If there's a cynical sound to my headline this rainy morning, don't let it fool you. The rain may be falling to create a miserable mess outside, but in my mind, the sun is shining throughout Idaho. Comes a time every so often in life when the little guys show the big guys the true ingredients of grit, talent, determination, pride, teamwork, and heart. And, when that happens, we can all celebrate. Fiesta Bowl, 2007: Boise State 43, Oklahoma 42.
Years ago when my first book was published, my editor wrote a short bio for the page "about the author." She said something about how it takes toughness and a sense of humor to live in Idaho. She was right. We've spent our lives being mocked, forgotten and dismissed because we're the hicks from the potato state. This has worked well until recently to keep the bluebloods of the world from wanting to live alongside of us cuz after all, we're stupid, right?
Well, the bluebloods are coming because they've discovered that we sodbusting hayseeds may have discovered something very special long before they did. We knew it all along, but try to tell anyone outside the state's borders. If the secret never quite managed to make headlines, Boise State's Broncos changed that last night. For nearly five hours, they rammed the Idaho message into the faces of a bunch of cocky sportscasters and a team of "blueblood" football players from Oklahoma.
I don't know how many people tuned in for the pre-game, but I will tell you that the comments made by coaches Jimmy Johnson and Barry Switzer turned the air blue in the Lovestead, where three Boise State alums often visit Mom and Dad Love. A Boise State logo sat above the TV screen where Jimmy Johnson was proclaiming that the only way Boise State was going to win this game was if Oklahoma helped them out and former Oklahoma coach Barry Switzer was dismissing the Broncos as a "mismatch" for his Oklahoma Sooners.

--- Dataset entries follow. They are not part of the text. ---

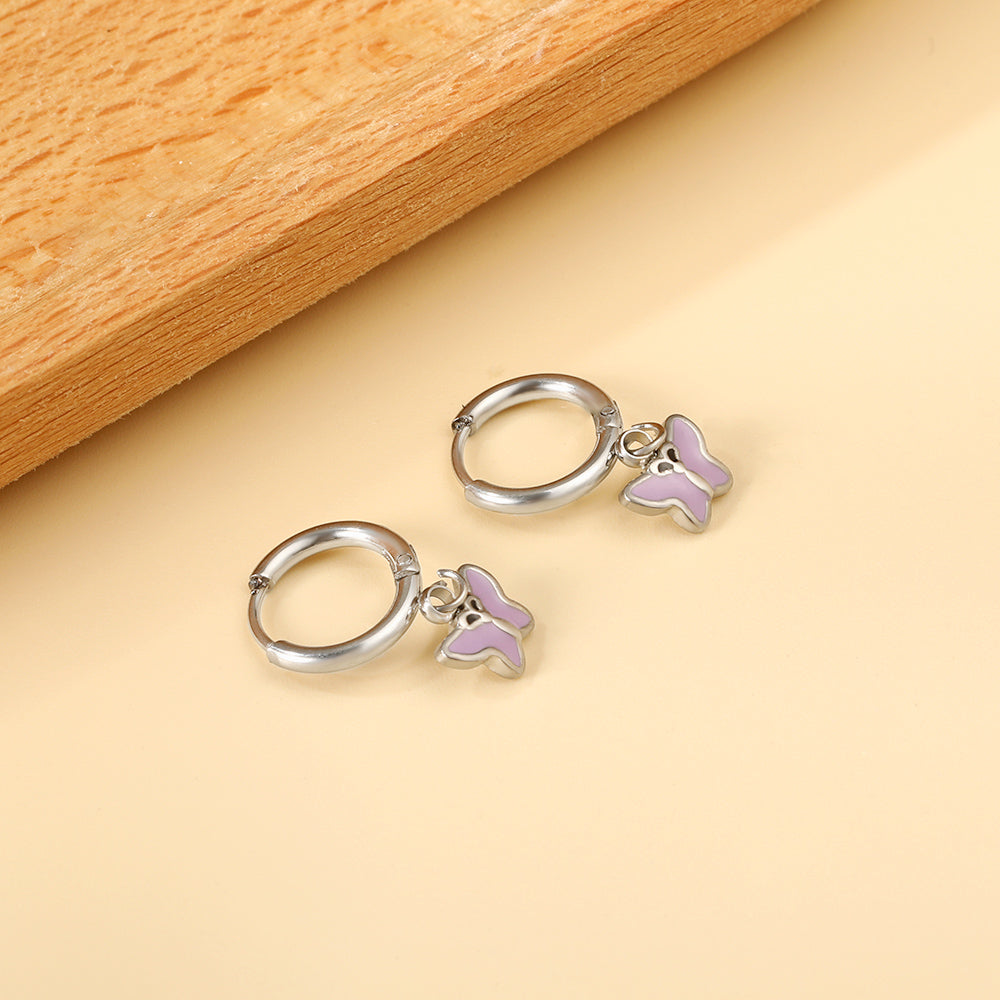1.6x11mm Circle Butterfly Drop Oil Stud Earrings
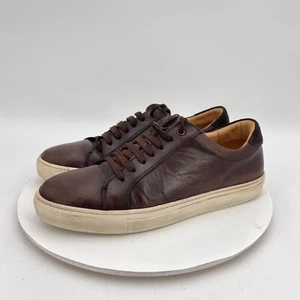 Suitsupply Men Size 8 Dark Brown Leather White Sole Lace Up Low Top Shoes - Picture 1 of 15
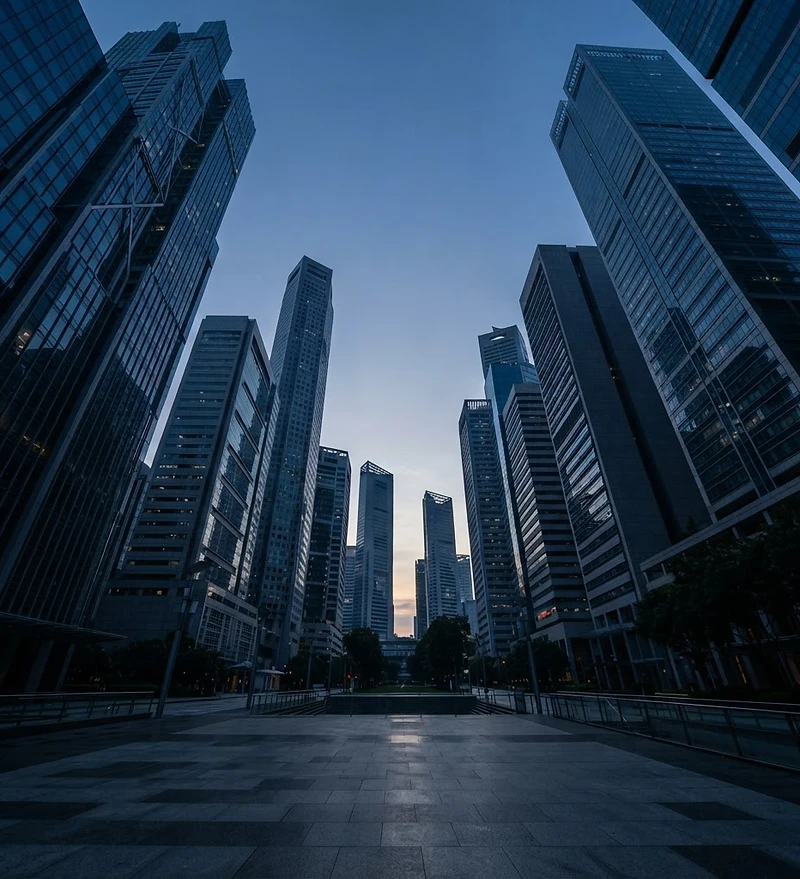 Global business district at dawn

One of the commentators even asked, "Whoever heard of Boise State anyway?" The pregrame show even made fun of the BSU blue turf. By the end of the game, I have a feeling a few of those cocky casters were seeing a little blue or feeling a little blue about the blue collar athletes from Boise who scripted probably the best Cinderella story I've ever watched.
Bill and I sat in the living room glued to every second----he in his Boise State cap, I, in my new Broncos sweatshirt. Before the game, Bill had ceremoniously placed the Boise State logo, designed to be inserted into the trailer shaft on back of a vehicle, atop the tube. Though sitting there precariously, the logo never once toppled from the TV set, no matter how loud we yelled or how hard we clapped throughout the game. We had received the sweatshirt, cap and logo Saturday night at our hotel in Seattle, shortly after returning from Key Arena where we had watched a basketball game where our beloved Zags had lost a thriller against Nevada.
Christmas presents from Willie and Debbie, our son and daughter-in-law (both Boise State grads) had been transported from Boise by two other BSU grads who'd gone home for Christmas. Annie, our daughter (also a Boise State grad) who works at the Marriott, joined us for the gift opening. Last night Annie gathered with some other BSU grads at a bar in Seattle to watch the game.
Willie and Debbie could not join us in Seattle because Willie had to stay in Boise to cover the Miami-Nevada bowl game for the Idaho Press Tribune. He'd been given the assignment when his colleagues learned they'd be in Phoenix covering the Fiesta Bowl. I'm sure he was working the sports desk last night during the game and savoring the information that would appear in today's paper about the dismissed hicks from the sticks who demonstrated to the nation what Idahoans are all about.
After the game, I checked the "Huckleberries Online" blog and wrote a comment about the game. This morning, while reading other comments indicating that many Idaho Potatoes have turned into Broncos overnight, I zeroed in on a brilliant analogy submitted by an "Uncle Rico," suggesting that the Boise State quarterback could be compared to Napoleon Dynamite, the nerd in an Idaho-made movie of the same name.
Napoleon Dynamite almost overnight turned into a cult movie, beloved by virtually anyone who watches it once, twice or two dozen times like my husband. In this movie, Napoleon, in his eccentric way, makes meat of the egocentric jocks and jockettes who've always dismissed him as an idiot to be mocked every day of his life. While supporting his buddy Pedro for student body president, Napoleon wows a cynical teen-age crowd into giving him a standing ovation for his unbelievable dance moves, and to Pedro, they give the presidency.
Whoever Uncle Rico is that posted on "Huckleberries," he's hit the nail on the head. The Ugly Betty's of the world and the Napoleon Dynamites occasionally get their moment in the sun, and when that happens, they stand up as the true heroes for all us regular joes who go through life one step at a time doing our best but being dismissed for most of the route.
And, for those of us who live the "stupid Idaho" jokes most of our route, last night's Boise State performance will sustain us and our misunderstood state for years to come. Idahoans are true blue-collar Rodney Dangerfields, who've finally gained some respect, and it's oh such sweet potatoes.